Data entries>
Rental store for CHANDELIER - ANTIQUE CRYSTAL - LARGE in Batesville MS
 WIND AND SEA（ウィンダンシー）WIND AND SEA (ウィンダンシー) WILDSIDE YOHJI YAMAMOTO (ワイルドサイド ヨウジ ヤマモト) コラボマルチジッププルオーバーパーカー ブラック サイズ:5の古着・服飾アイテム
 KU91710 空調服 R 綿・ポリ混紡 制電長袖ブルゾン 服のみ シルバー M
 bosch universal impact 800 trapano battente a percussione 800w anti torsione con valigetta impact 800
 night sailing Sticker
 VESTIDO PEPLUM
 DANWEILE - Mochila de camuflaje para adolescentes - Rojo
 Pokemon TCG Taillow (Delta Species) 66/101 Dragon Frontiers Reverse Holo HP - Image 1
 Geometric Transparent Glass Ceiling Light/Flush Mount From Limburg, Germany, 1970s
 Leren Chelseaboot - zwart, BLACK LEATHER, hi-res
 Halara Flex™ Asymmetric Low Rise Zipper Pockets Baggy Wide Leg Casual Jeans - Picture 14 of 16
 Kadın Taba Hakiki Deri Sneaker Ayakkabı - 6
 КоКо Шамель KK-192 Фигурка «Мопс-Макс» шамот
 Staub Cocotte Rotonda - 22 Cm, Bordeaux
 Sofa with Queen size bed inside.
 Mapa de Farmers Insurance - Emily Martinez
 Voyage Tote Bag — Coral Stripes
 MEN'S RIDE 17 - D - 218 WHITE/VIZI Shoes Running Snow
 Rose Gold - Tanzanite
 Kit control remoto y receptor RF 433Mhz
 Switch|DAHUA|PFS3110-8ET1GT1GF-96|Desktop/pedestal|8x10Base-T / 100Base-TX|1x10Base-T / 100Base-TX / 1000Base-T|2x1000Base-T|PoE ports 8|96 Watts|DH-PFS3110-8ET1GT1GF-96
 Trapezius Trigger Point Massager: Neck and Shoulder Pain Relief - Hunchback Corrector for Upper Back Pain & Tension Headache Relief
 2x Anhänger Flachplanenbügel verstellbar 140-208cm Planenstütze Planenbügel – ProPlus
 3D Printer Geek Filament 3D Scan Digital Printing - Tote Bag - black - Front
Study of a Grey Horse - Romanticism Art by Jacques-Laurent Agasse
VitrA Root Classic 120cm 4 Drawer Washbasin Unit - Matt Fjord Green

What you will do>
Pick out the lines above containing the word "Tote", then copy them.

Result>
 Voyage Tote Bag — Coral Stripes
 3D Printer Geek Filament 3D Scan Digital Printing - Tote Bag - black - Front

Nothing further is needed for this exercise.